Literally, it has been a fast-paced holiday slash vacation for me. I barely could hold of the events and happenings unfolding as each day passes by. Yes, a lot of boozing. It was only on the eve of Christmas that I can recall that I really had a rest -- I slept early that night only to wake up the following day, Christmas, with coffee and cigarette morning ritual that lasted until I had my second stick before a neighbor set up a beach umbrella and several chairs in front of his store and, grinning, challenged me already for a morning Christmas boozing.
The 26th was the birthday of my father, and, as expected, another bout with boozing.
Yet, it is already the 27th and the exhilarating atmosphere of Christmas still lingers in the air much stronger.

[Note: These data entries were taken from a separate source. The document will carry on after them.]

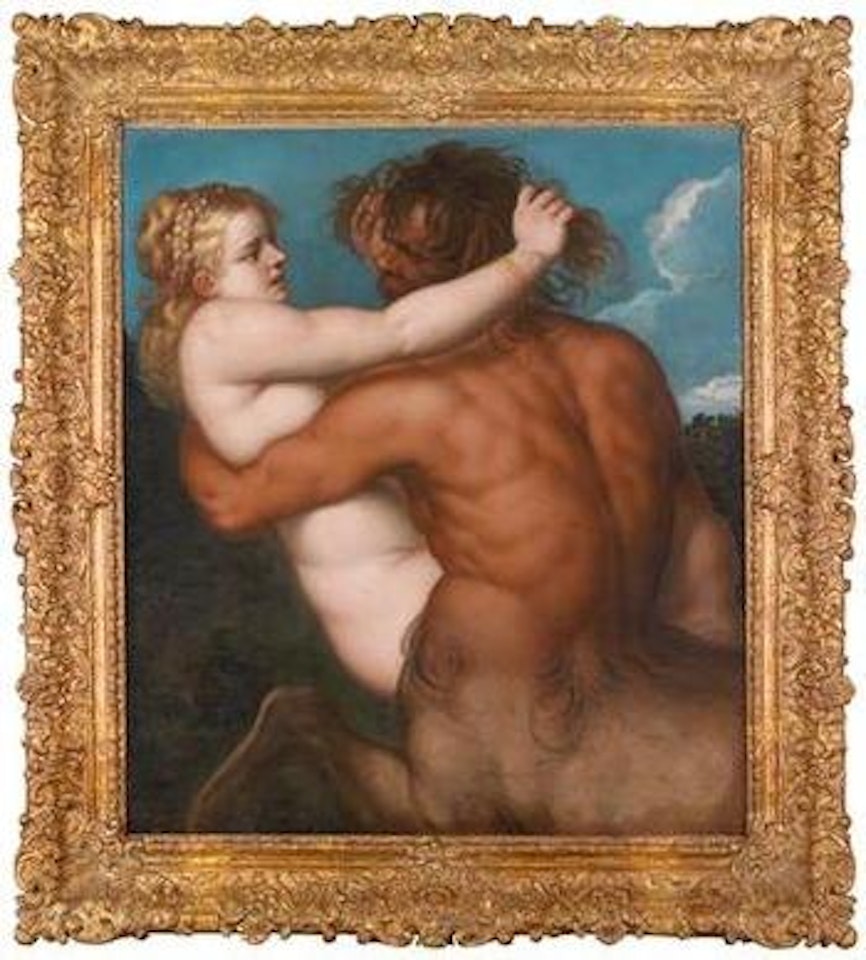 The Centaur Nessus attempting to abduct Deianira by Pietro Liberi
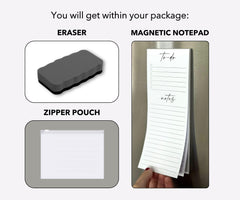 Clear acrylic layout for easy schedule viewing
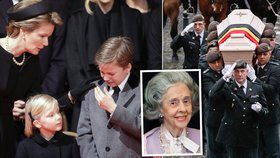 Rozloučení s bývalou belgickou královnou Fabiolou: Její smrt oplakali i současná královna Mathilda se synem - princem Gabrielem a dcerou Eleonorou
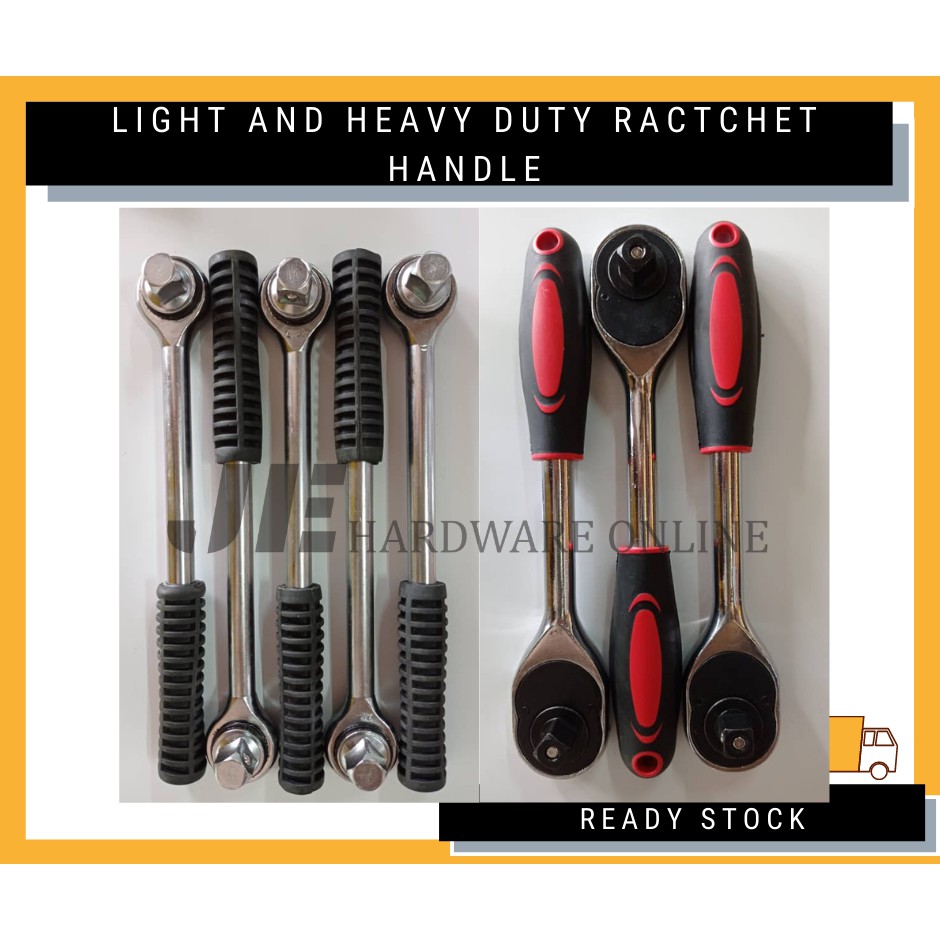 1/2'' LIGHT OR HEAVY RACTCHET HANDLE 轻型或者重型棘轮扳手 | Shopee Malaysia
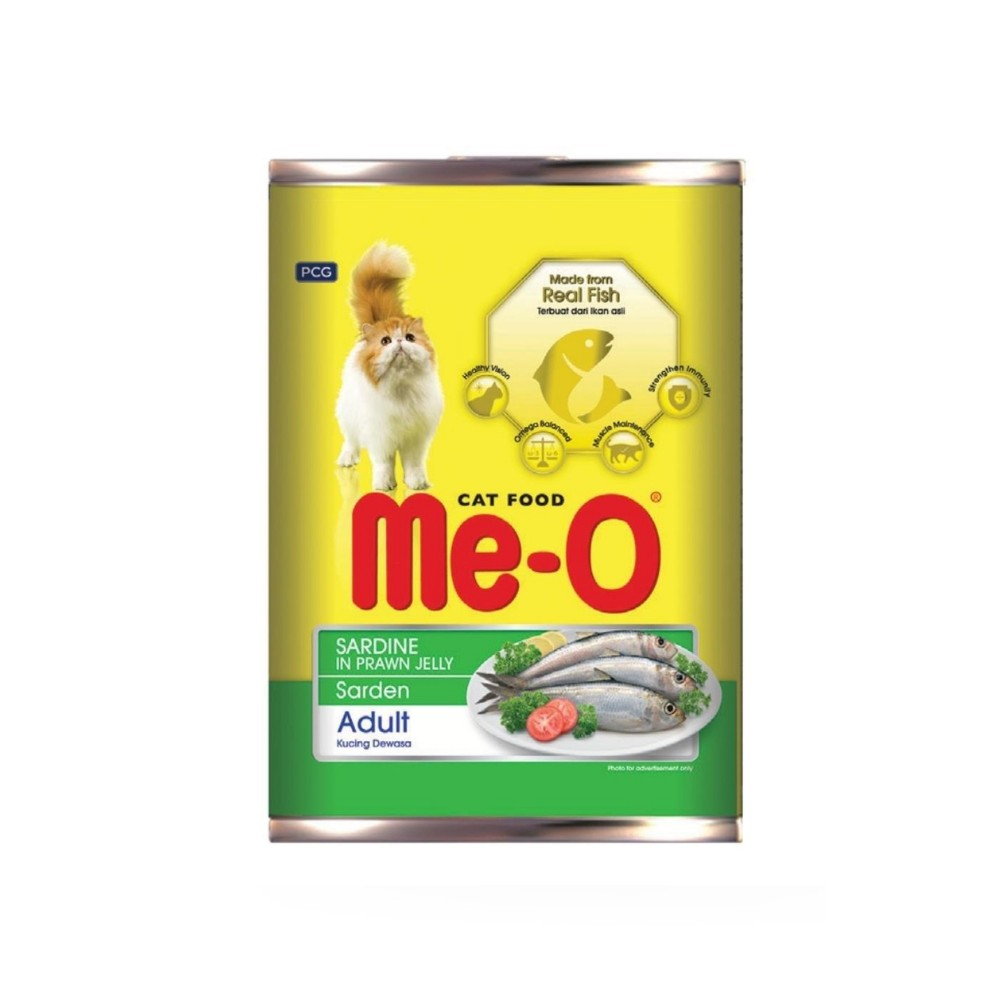 Meo Kedi Konservesi Sardalyalı Karides Soslu 400 Gr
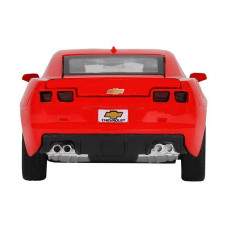 Машина "АВТОПАНОРАМА" Chevrolet Camaro SS, красный, 1/32, свет, звук, инерция, в/к 17,5*13,5*9 см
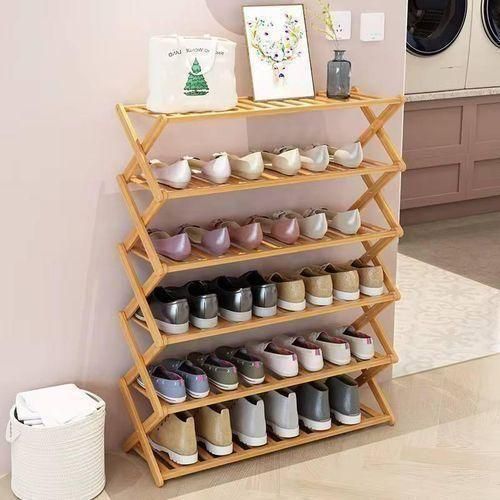Generic Multi-Purpose Foldable Wooden Shoe Rack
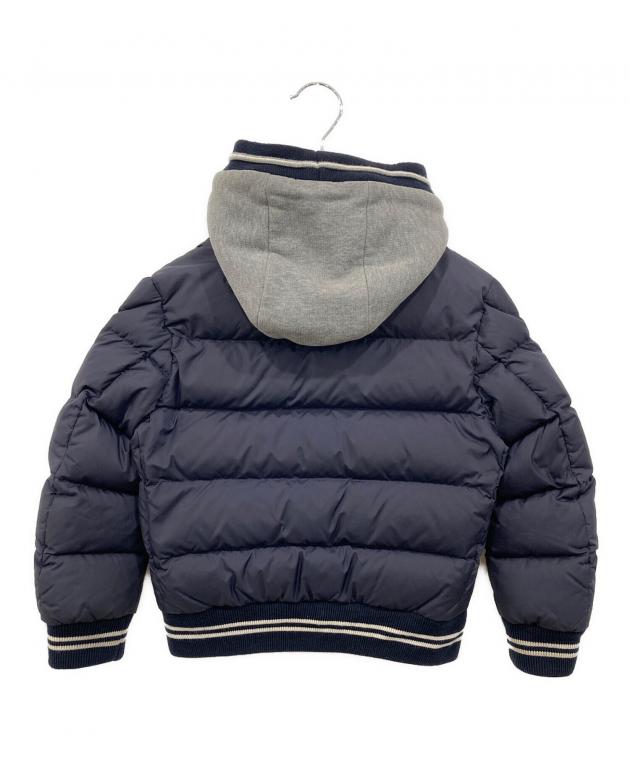MONCLER モンクレール ダウンジャケットニットネイビー 中古・古着通販】MONCLER (モンクレール) ニットダウン切替ジャケット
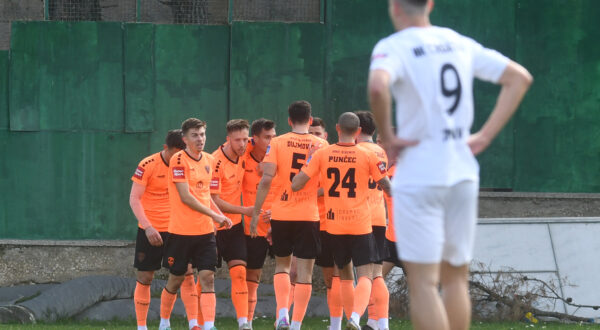 02.03.2024., Sibenik - Supersport Prva nogometna liga 20.kolo  HNK Sibenik - NK Croatia Zmijavci. Photo: Hrvoje Jelavic/PIXSELL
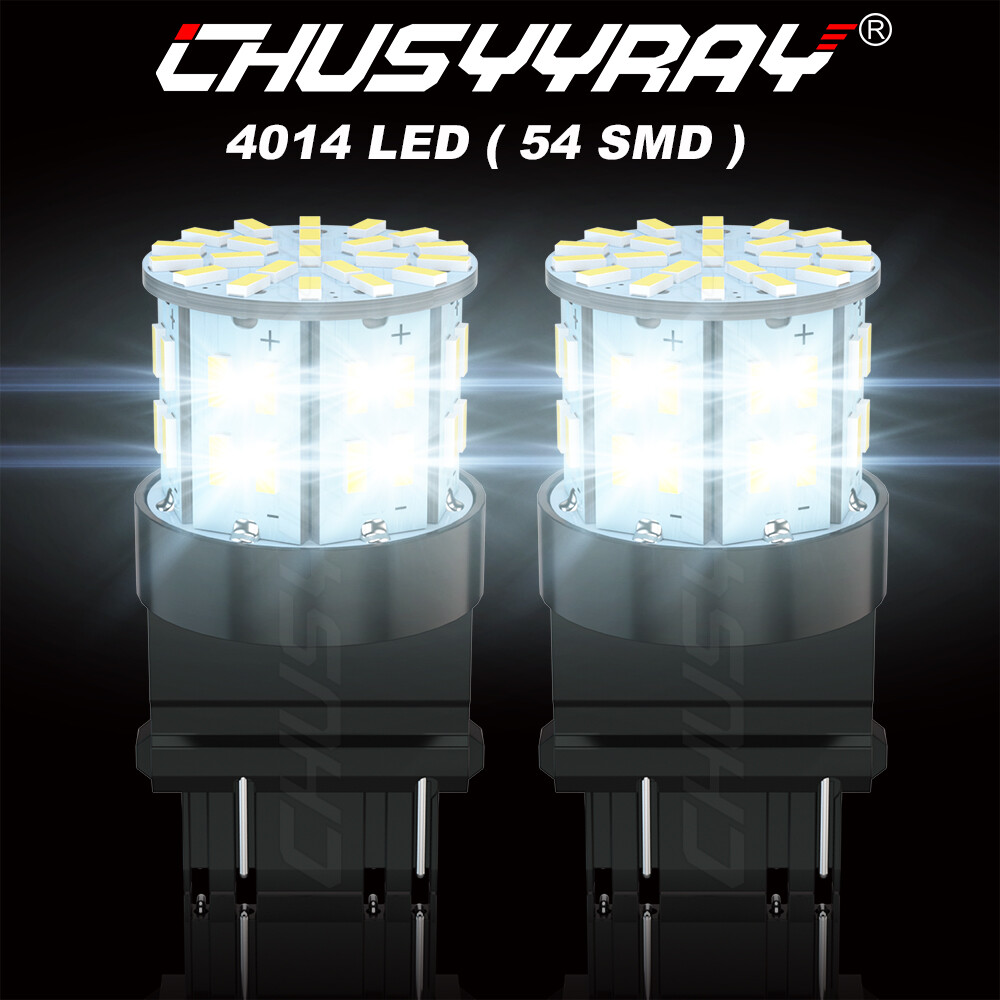 1000LM White 3156 3157 LED Reverse Backup Light Bulb For 2015-2021 Ford Mustang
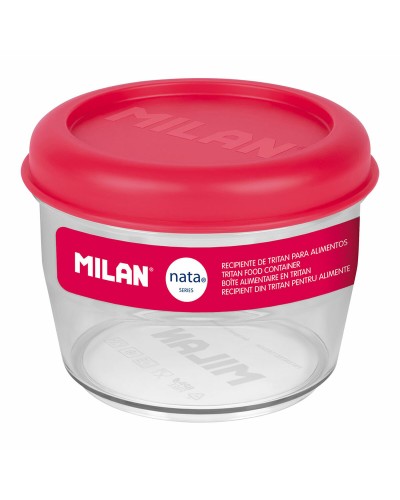 Lunchbox hermetisch Milan 500 ml Rosa Durchsichtig Kunststoff kreisförmig Ø 12 cm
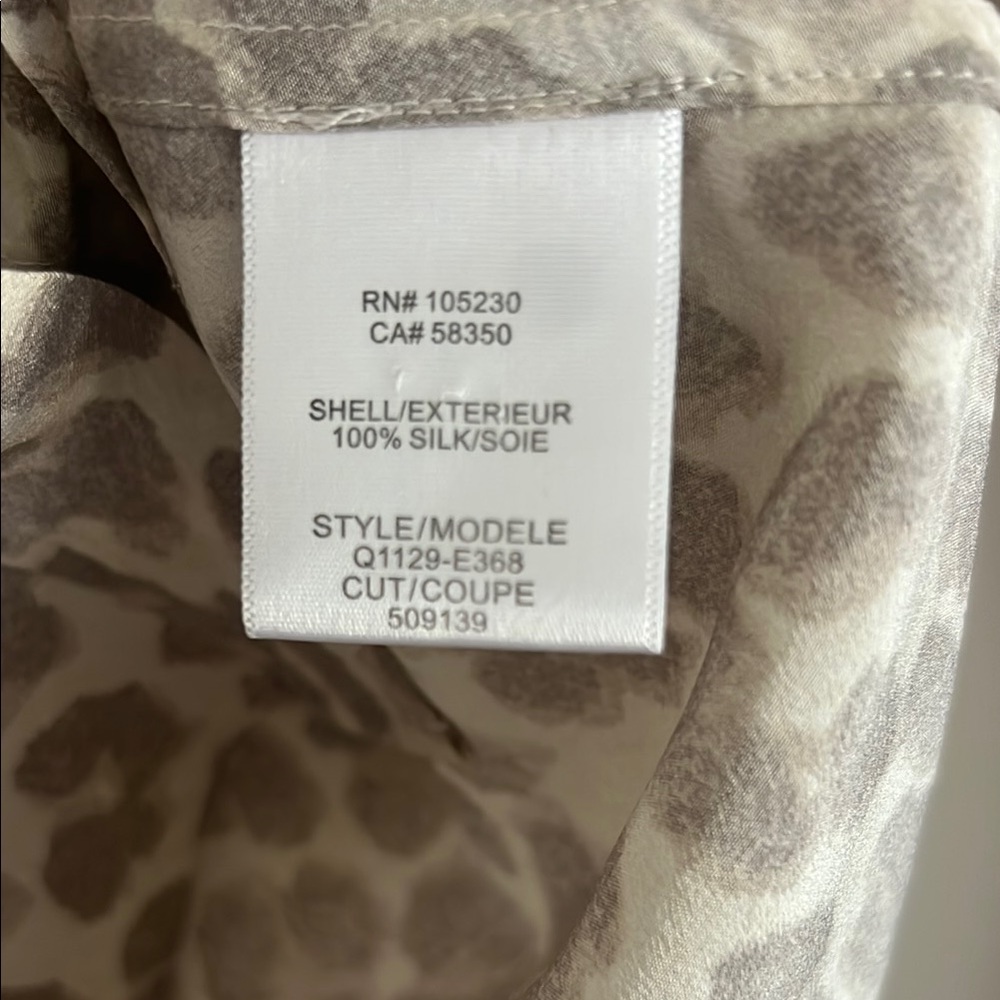 Equipment Leopard Print Button-Up Blouse - Picture 5 of 5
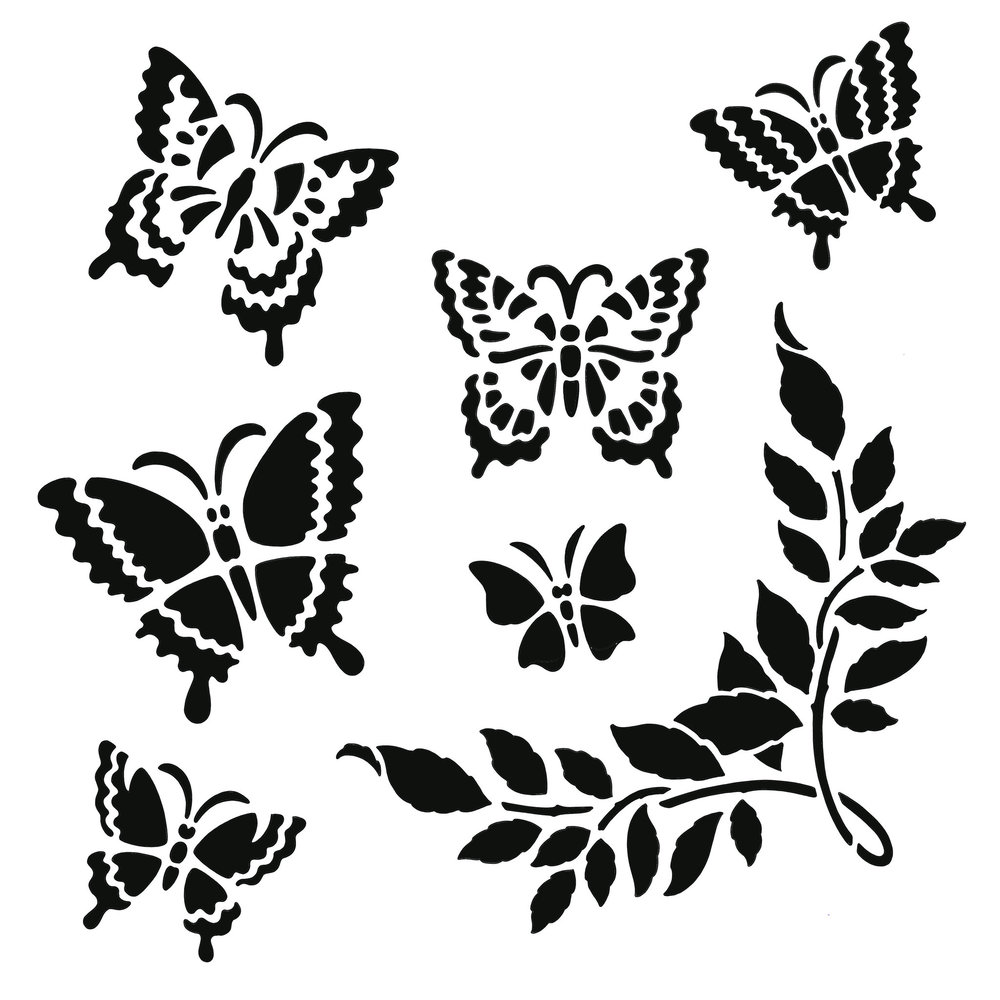 Creative Expressions Masking Stencil 7x7 Inch Graceful Butterflies (CEST070) Creative Expressions Masking Stencil 7x7 Inch Graceful Butterflies (CEST070)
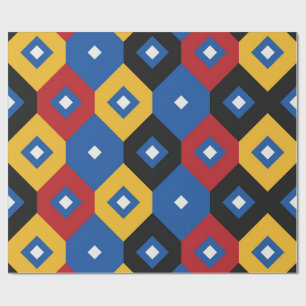 Papel De Presente Belo padrão geométrico
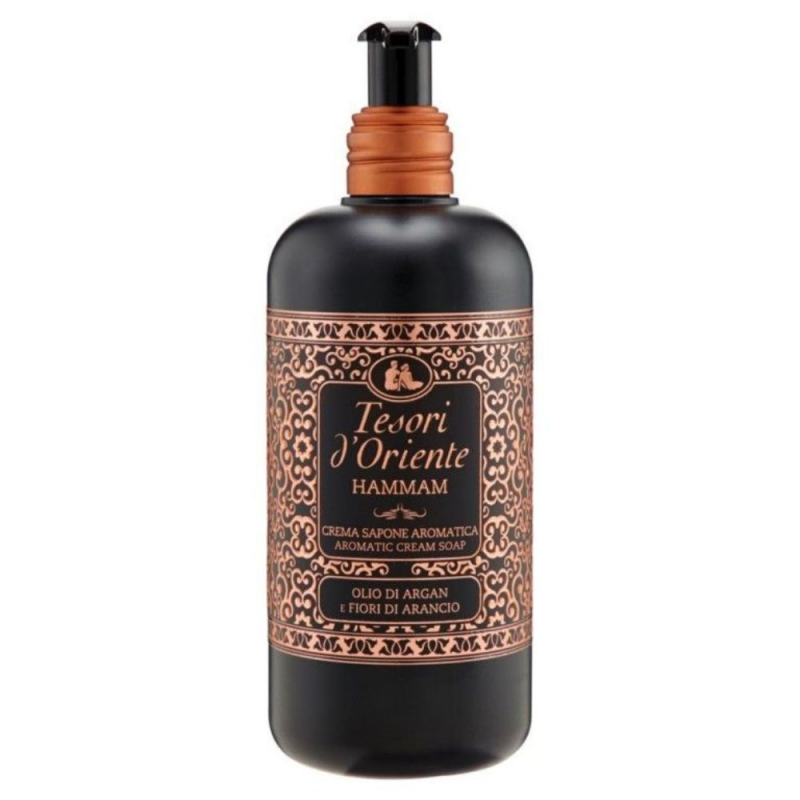  Sapun lichid Tesori d'Oriente Hammam, 300 ml, Cu ulei de argan si flori de portocal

Happy Holidays to all! Hehe
Tuesday, December 27, 2005
Friday, December 23, 2005
Possibility of Being Published
Several days ago I received an email from the editor of the Read magazine. The editor was requesting if I could provide them a two to three-sentence write-up about myself. She said there is a possibility that my piece (Sentimental Yakking, a post on this blog which I polished and submitted to them a month ago) could be used by Read magazine for its Reader's Write section. I could not hide my glee and premature celebration that they, most likely, will published my essay/personal-emotional-outpouring. I even asked the favor if they could, if ever they used my piece, compensate me by giving me Ignacio Padilla's Shadow Without a Name or Italo Calvino's Difficult Loves. Though a second email was sent to me to inform me that the book that will be given to me, in case they use my piece, depends on the promised book prize mentioned in the previous issue of the Read magazine. Nevertheless, that is a non-issue. Being published by them, for that alone, is enough compensation that they could give me. Wow! I said to myself. The magazine of my favorite bookstore, Powerbooks, where I have done a lot of free reading, got a work of mine and implied their interest on publishing it. Now, that is a good news, no doubt about it.
Thursday, December 22, 2005
Assumption
When I was a kid, I had an idea that when a person advances in age so is his acquisition of wisdom that by the time that he reaches, say, 40’s or 50’s above, his view about the world and everything in it could be at par with the eyes of a mystic or a sage.
This process of journey to mysticism can start when he is in his twenties, and by the time that he gets to be thirty, everything about this world – and the marvelous worlds within it – has already beginning to take shape in his mind.
This is the reason why, for some reasons, I treat everybody around me with mutual trust that they are moving towards this end. And, frustratingly, all I come across are people who got stuck somewhere along the way.
What I mean is it is like listening to music. Most generations usually are tied down to the music of their hey-days. They no longer continue their then juvenile adventurousness towards discovering new sounds, new music. And by the time when their children grow up and have their own ‘generational’ music, the ‘stuck’ old man could only grumpily berate the youngs as people with no real appreciation for music. So the gap and misunderstanding. If only the old man continued his growth in music, then this gap is bridged.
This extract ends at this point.